1. Introduction
Visual object tracking has received widespread attention in the past few years due to its wide application in visual surveillance [
1], robotics [
2], human-computer interaction [
3], and augmented reality [
4]. With the state of an object in the initial frame as inference, tracking aims to predict the object’s state in each subsequent frame. With the development of deep learning, object tracking algorithms based on deep learning have become the research focus. The deep tracking methods can be roughly divided into two categories, i.e., Discriminative Correlation Filter (DCF) based methods and object Siamese networks based methods [
5,
6,
7].
The DCF-based algorithms [
8,
9,
10] train correlation filters by extracting depth features and filtering subsequent frame images to obtain the most relevant object. DCF-based approaches treat the tracking problem as a binary classification problem. The trained classifier distinguishes the object and the background. It selects the candidate sample with the highest confidence as the prediction result. Classifiers typically trained using neural networks have a relative advantage in discriminating targets and interferences. e.g., the ATOM [
8] (Accurate Tracking by Overlap Maximization) network introduces IOU-Net (Intersection Over Union Network) [
9] based on the Siamese network to accurately estimate the target frame and improve the accuracy.
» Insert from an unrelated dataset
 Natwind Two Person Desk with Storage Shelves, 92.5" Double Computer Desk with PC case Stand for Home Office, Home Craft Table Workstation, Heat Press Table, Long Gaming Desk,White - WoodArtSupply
The DiMP (Discriminative Model Prediction) [
10] algorithm also improves the discriminative ability and design template update. While introducing the online learning model, the iterative process of the loss function is optimized by the extremely fast gradient algorithm. The speed of online iteration is very high. The overall algorithm has reached SOTA in terms of robustness and speed performance with a significant improvement. However, the discriminative algorithm essentially regards the tracking as a binary classification problem, separating the object’s relationship and background. When the background of adjacent frames changes drastically, the discriminant algorithm cannot accurately track the object. Moreover, the discriminant algorithm relies on the appearance model’s construction. The discriminative algorithm relies on the construction of the appearance model, which requires the union of background and foreground information and the introduction of historical frame information.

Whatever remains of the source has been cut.